DeFi in Seven Minutes: Tezos DeFi Terms Explained

DeFi in Seven Minutes: Tezos DeFi Terms Explained

DeFi projects tend to scare newbies away by terms like APY or LP. Here, we explain all those weird words you may encounter in articles about DeFi in the Tezos ecosystem.

All about assets, decentralised exchanges, and yield farming. No big words.


tez or XTZ: Tezos’s native token. It is the unit of transaction fees for users and rewards for validators.

Fiat (fiat money): regular everyday money like euros or dollars.

Stablecoin: a token whose price is pegged to fiat money, such as kUSD and uUSD that are collateralised with tez.

Wrapped Asset: a token representing a certain asset on a blockchain that is not native to the said asset. For example, a user can send LINK to a special Ethereum address and get wLINK on the Tezos wallet with the same price.
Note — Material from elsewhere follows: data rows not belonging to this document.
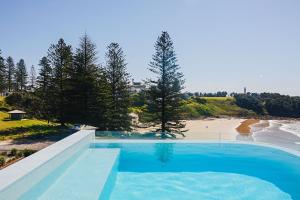 a swimming pool with a view of a beach at The Surf Yamba in Yamba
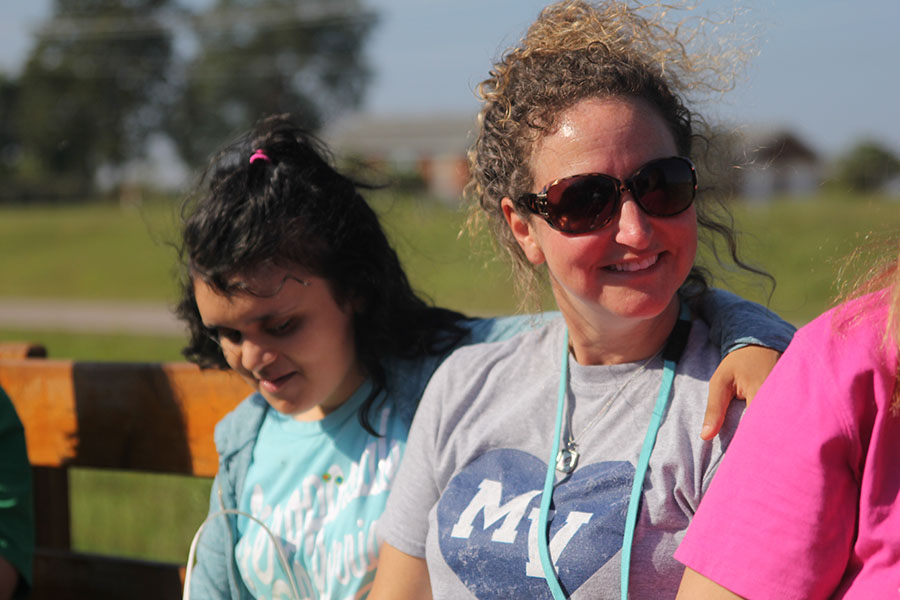 Senior Stef Mayorga enjoys the tractor ride with her teacher.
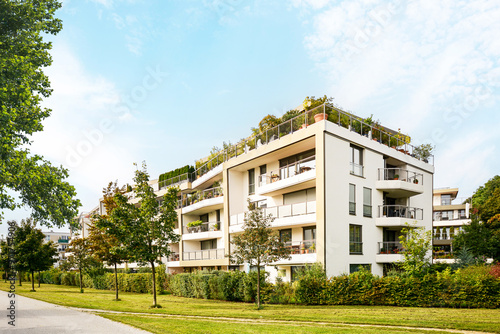 Residential area with ecological and sustainable green residential buildings, low-energy houses with apartments and green courtyard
Find out more in our WRAP review.

DAO tokens: tokens giving one a vote in project governance

Market Cap: market value of tokens calculated as “number of issued tokens times price of one token.”

Decentralised exchanges

DEX means “decentralised exchange.” It allows one to exchange tokens via liquidity pools or profit from liquidity provision. Find out more about that from the interview with the Quipuswap developer.

Swap: exchange of tokens at a DEX. You can find a good example here.
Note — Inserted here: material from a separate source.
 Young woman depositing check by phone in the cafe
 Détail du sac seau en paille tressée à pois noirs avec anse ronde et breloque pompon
Slippage: admissible exchange rate fluctuation while exchanging them at a DEX. For instance, with a 1% slippage, a user may get 1% fewer tokens than expected.

Liquidity: funds available for user operations. DeFi projects have to attract as much liquidity as possible. Thus, if a lending platform is out of funds, it will be unable to extend new loans and profit from them.

Liquidity pool: a smart contract of a decentralised exchange storing two token types at the same time. For example, the kUSD/XTZ stores kUSD and tez. When the DEX’s user exchanges kUSD for tez, the exchange adds kUSD to the kUSD/tez pool and returns tez from the pool to the user. The exchange rate depends on the token ratio in the pool: the less tez there is, the more kUSD it will take to pay for the exchange, and vice versa.

Liquidity providers: users who deposit funds into liquidity pools. Projects pay the providers with governance tokens or share service fees with them.

TVL means total value locked. It is the measure of how much money users have deposited in a particular smart contract, pool, or project.

LP tokens: representation of a funds share in a liquidity pool. For example, a user has deposited liquidity in a kUSD/XTZ pool and got LP-kUSD-XTZ for that. Then they can return LP tokens to the pool and take the deposited funds back. More on that in our liquidity baking review.

Staking and yield farming

Staking: blocking tokens in a specific smart contract for the sake of recurring rewards. DeFi projects use stakings to keep liquidity providers from withdrawing funds from pools. Thus, a user deposits PLENTY and tez into a PLENTY/XTZ pool and gets LP tokens. The project Plenty DeFi offers them to stake the tokens at 200% per annum with the reward paid out in PLENTY. The user agrees and gets additional income while the PLENTY/XTZ retains its liquidity.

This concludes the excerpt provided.